Okay, now that we have described the scenario, let's derive the distribution function of \(Y\). It is:

\(F_Y(y)=P(Y\leq y)=P(u(X)\leq y)=P(X\leq v(y))=\int_{c_1}^{v(y)} f(x)dx\)

for \(d_1=u(c_1)<y<u(c_2)=d_2\). The first equality holds from the definition of the cumulative distribution function of \(Y\). The second equality holds because \(Y=u(X)\). The third equality holds because, as shown in red on the following graph, for the portion of the function for which \(u(X)\le y\), it is also true that \(X\le v(Y)\):

X=v(Y)Y=μ(X)yv(y)C1C1u(C1)u(C2)

And, the last equality holds from the definition of probability for a continuous random variable \(X\). Now, we just have to take the derivative of \(F_Y(y)\), the cumulative distribution function of \(Y\), to get \(f_Y(y)\), the probability density function of \(Y\). The Fundamental Theorem of Calculus, in conjunction with the Chain Rule, tells us that the derivative is:

\(f_Y(y)=F'_Y(y)=f_x (v(y))\cdot v'(y)\)

for \(d_1=u(c_1)<y<u(c_2)=d_2\).

Generalization for a Decreasing Function Section

Let \(X\) be a continuous random variable with a generic p.d.f. \(f(x)\) defined over the support \(c_1<x<c_2\). And, let \(Y=u(X)\) be a continuous, decreasing function of \(X\) with inverse function \(X=v(Y)\). Here's a picture of what the continuous, decreasing function might look like:

X=v(Y)Y=μ(X)yv(y)C1C1u(C1)u(C2)

The blue curve, of course, represents the continuous and decreasing function \(Y=u(X)\). Again, if you put an \(x\)-value, such as \(c_1\) and \(c_2\), into the function \(Y=u(X)\), you get a \(y\)-value, such as \(u(c_1)\) and \(u(c_2)\). But, because the function is continuous and decreasing, an inverse function \(X=v(Y)\) exists. In that case, if you put a \(y\)-value into the function \(X=v(Y)\), you get an x-value, such as \(v(y)\).

That said, the distribution function of \(Y\) is then:

\(F_Y(y)=P(Y\leq y)=P(u(X)\leq y)=P(X\geq v(y))=1-P(X\leq v(y))=1-\int_{c_1}^{v(y)} f(x)dx\)
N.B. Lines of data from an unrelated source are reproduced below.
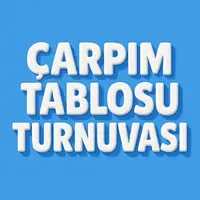 Çarpım Tablosu Turnuvası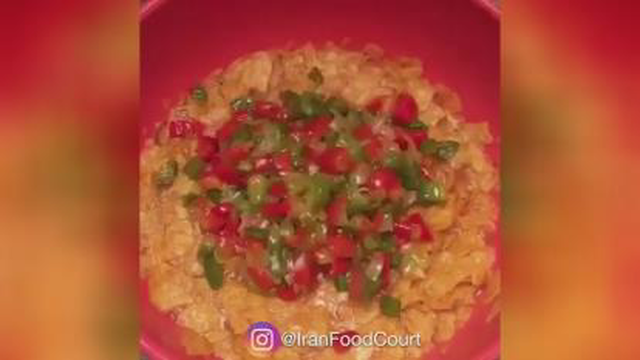 آشپزی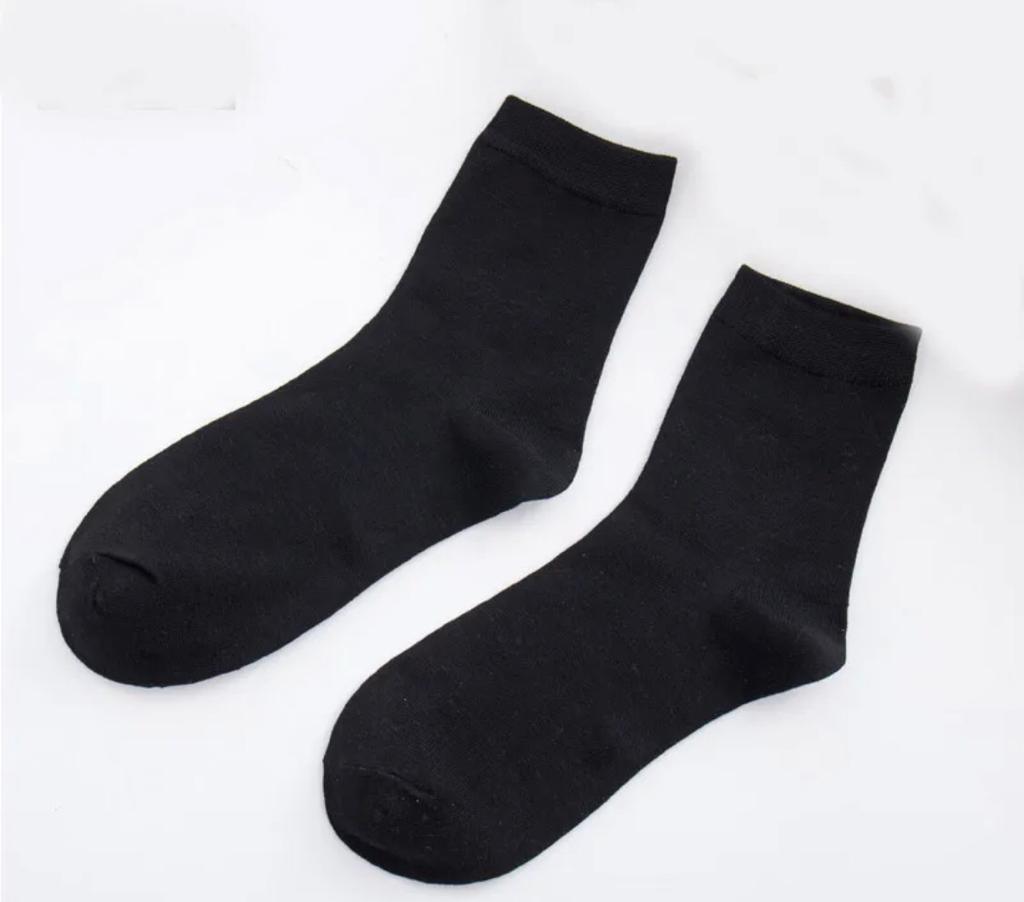 Men’s Dress Socks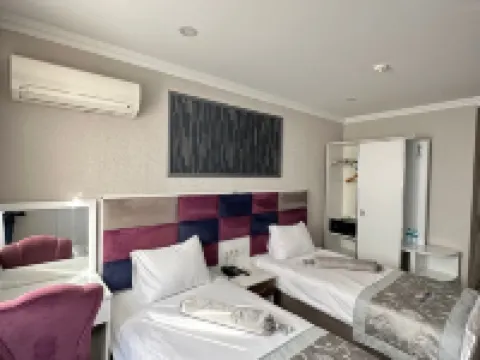 Akar otel Elâzığ otelleri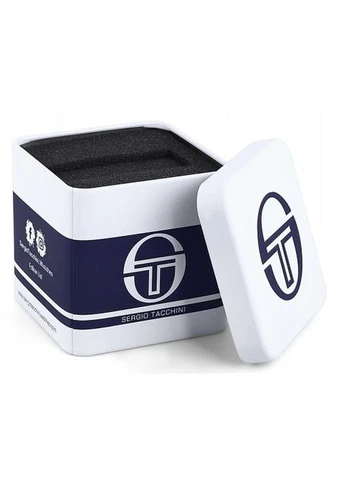 Чоловічі наручні годинники Sergio Tacchini ST.1.10090.1 (322685174)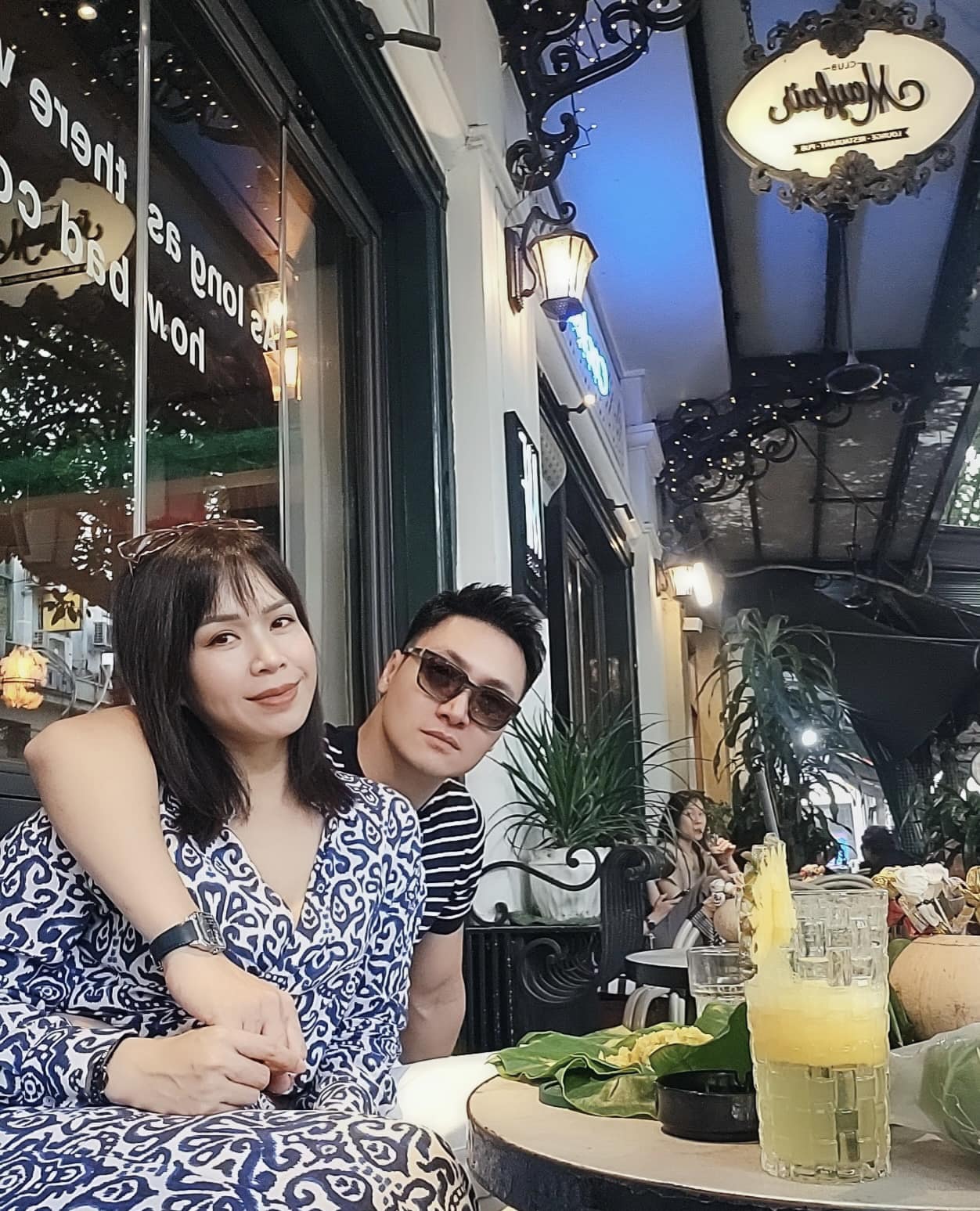 Ngoại hình của nam nghệ sĩ hào hoa, yêu vợ bậc nhất showbiz, có nhà từ Hà Nội đến Hưng Yên, Phú Thọ- Ảnh 5.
for \(d_2=u(c_2)<y<u(c_1)=d_1\). The first equality holds from the definition of the cumulative distribution function of \(Y\). The second equality holds because \(Y=u(X)\). The third equality holds because, as shown in red on the following graph, for the portion of the function for which \(u(X)\le y\), it is also true that \(X\ge v(Y)\):

X=v(Y)Y=μ(X)yv(y)C1C1u(C1)u(C2)

The fourth equality holds from the rule of complementary events. And, the last equality holds from the definition of probability for a continuous random variable \(X\). Now, we just have to take the derivative of \(F_Y(y)\), the cumulative distribution function of \(Y\), to get \(f_Y(y)\), the probability density function of \(Y\). Again, the Fundamental Theorem of Calculus, in conjunction with the Chain Rule, tells us that the derivative is:

\(f_Y(y)=F'_Y(y)=-f_x (v(y))\cdot v'(y)\)

for \(d_2=u(c_2)<y<u(c_1)=d_1\). You might be alarmed in that it seems that the p.d.f. \(f(y)\) is negative, but note that the derivative of \(v(y)\) is negative, because \(X=v(Y)\) is a decreasing function in \(Y\). Therefore, the two negatives cancel each other out, and therefore make \(f(y)\) positive.

Phew! We have now derived what is called the change-of-variable technique first for an increasing function and then for a decreasing function. But, continuous, increasing functions and continuous, decreasing functions, by their one-to-one nature, are both invertible functions. Let's, once and for all, then write the change-of-variable technique for any generic invertible function.

Definition. Let \(X\) be a continuous random variable with generic probability density function \(f(x)\) defined over the support \(c_1<x<c_2\). And, let \(Y=u(X)\) be an invertible function of \(X\) with inverse function \(X=v(Y)\). Then, using the change-of-variable technique, the probability density function of \(Y\) is:

\(f_Y(y)=f_X(v(y))\times |v'(y)|\)

defined over the support \(u(c_1)<y<u(c_2)\).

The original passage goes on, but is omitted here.